• _INSTRUCTIONS FOR THE TASK_: Drop the pictures and repeat the remaining data exactly.

• _RAW DATA_:
>>>>>

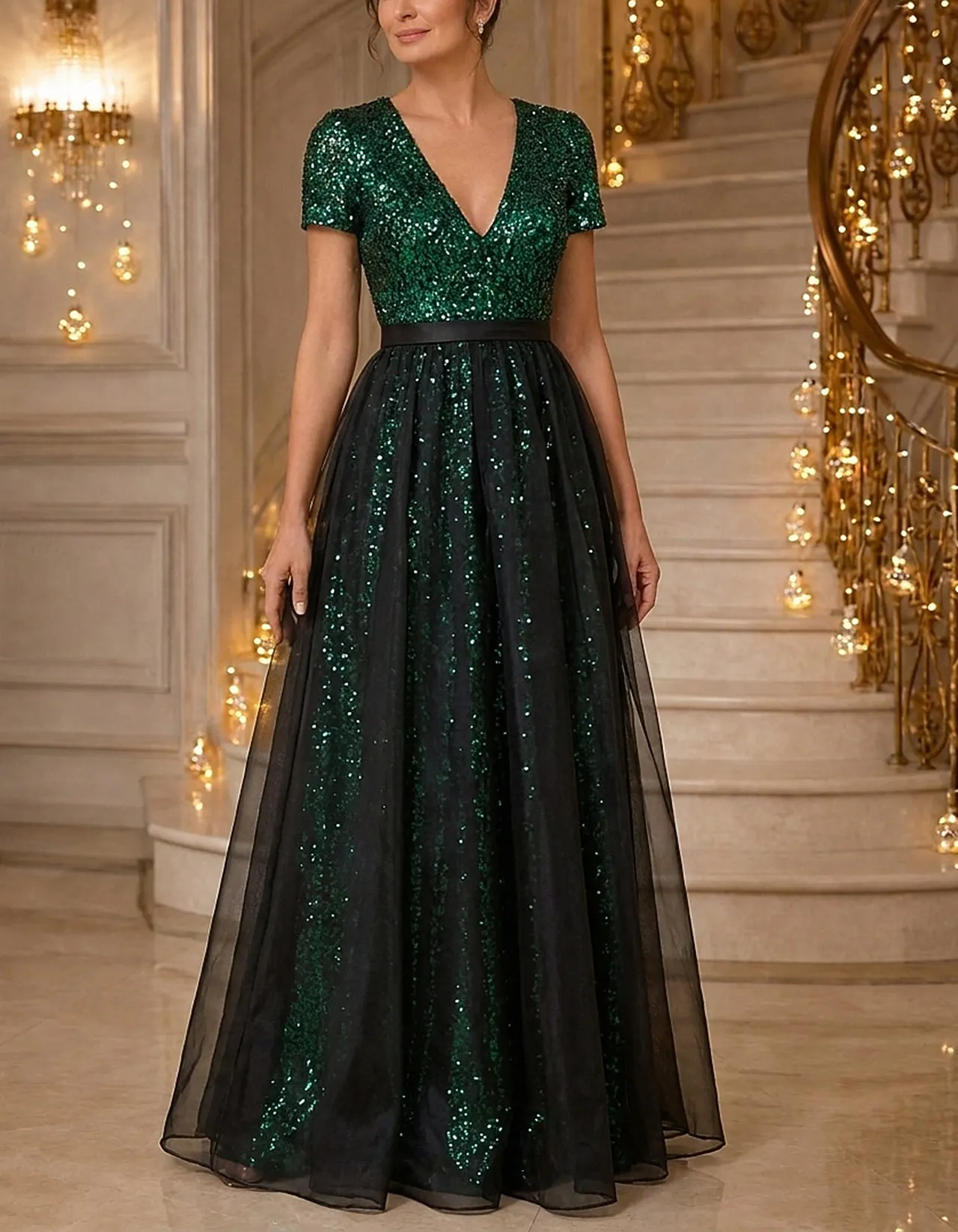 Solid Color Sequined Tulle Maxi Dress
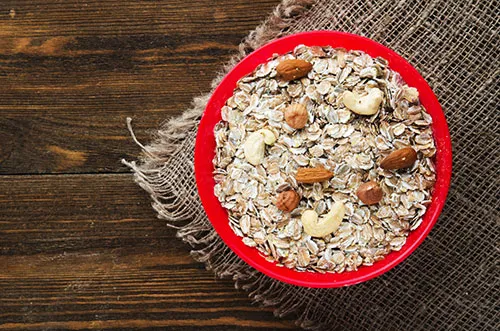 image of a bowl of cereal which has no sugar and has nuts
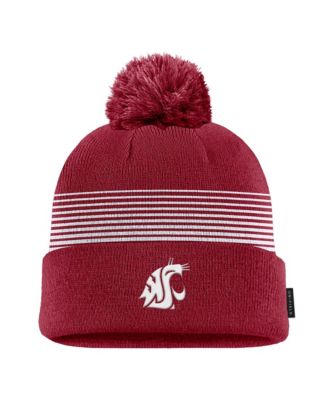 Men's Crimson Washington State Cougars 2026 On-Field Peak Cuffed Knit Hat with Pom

<<<<<

• _OUTPUT OF THE EXERCISE_:
 Solid Color Sequined Tulle Maxi Dress
 image of a bowl of cereal which has no sugar and has nuts
 Men's Crimson Washington State Cougars 2026 On-Field Peak Cuffed Knit Hat with Pom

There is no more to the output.